Exercise instructions. Transcribe each line of the material with no alterations.

»»

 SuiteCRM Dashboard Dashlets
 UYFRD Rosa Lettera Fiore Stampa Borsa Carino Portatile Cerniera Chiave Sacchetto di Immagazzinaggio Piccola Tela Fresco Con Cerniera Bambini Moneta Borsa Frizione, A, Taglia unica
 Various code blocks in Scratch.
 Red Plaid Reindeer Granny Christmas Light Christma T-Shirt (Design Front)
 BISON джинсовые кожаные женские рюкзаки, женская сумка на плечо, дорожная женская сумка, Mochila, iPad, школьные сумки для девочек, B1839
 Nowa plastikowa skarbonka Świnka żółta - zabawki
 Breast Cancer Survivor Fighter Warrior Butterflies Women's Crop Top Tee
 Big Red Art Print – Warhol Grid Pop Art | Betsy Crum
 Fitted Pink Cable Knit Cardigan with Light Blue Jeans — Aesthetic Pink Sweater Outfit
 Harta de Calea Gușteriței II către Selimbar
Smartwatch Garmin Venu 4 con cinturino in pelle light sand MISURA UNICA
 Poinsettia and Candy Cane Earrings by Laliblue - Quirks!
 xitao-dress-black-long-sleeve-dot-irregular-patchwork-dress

««

Solution to the exercise.
 SuiteCRM Dashboard Dashlets
 UYFRD Rosa Lettera Fiore Stampa Borsa Carino Portatile Cerniera Chiave Sacchetto di Immagazzinaggio Piccola Tela Fresco Con Cerniera Bambini Moneta Borsa Frizione, A, Taglia unica
 Various code blocks in Scratch.
 Red Plaid Reindeer Granny Christmas Light Christma T-Shirt (Design Front)
 BISON джинсовые кожаные женские рюкзаки, женская сумка на плечо, дорожная женская сумка, Mochila, iPad, школьные сумки для девочек, B1839
 Nowa plastikowa skarbonka Świnka żółta - zabawki
 Breast Cancer Survivor Fighter Warrior Butterflies Women's Crop Top Tee
 Big Red Art Print – Warhol Grid Pop Art | Betsy Crum
 Fitted Pink Cable Knit Cardigan with Light Blue Jeans — Aesthetic Pink Sweater Outfit
 Harta de Calea Gușteriței II către Selimbar
Smartwatch Garmin Venu 4 con cinturino in pelle light sand MISURA UNICA
 Poinsettia and Candy Cane Earrings by Laliblue - Quirks!
 xitao-dress-black-long-sleeve-dot-irregular-patchwork-dress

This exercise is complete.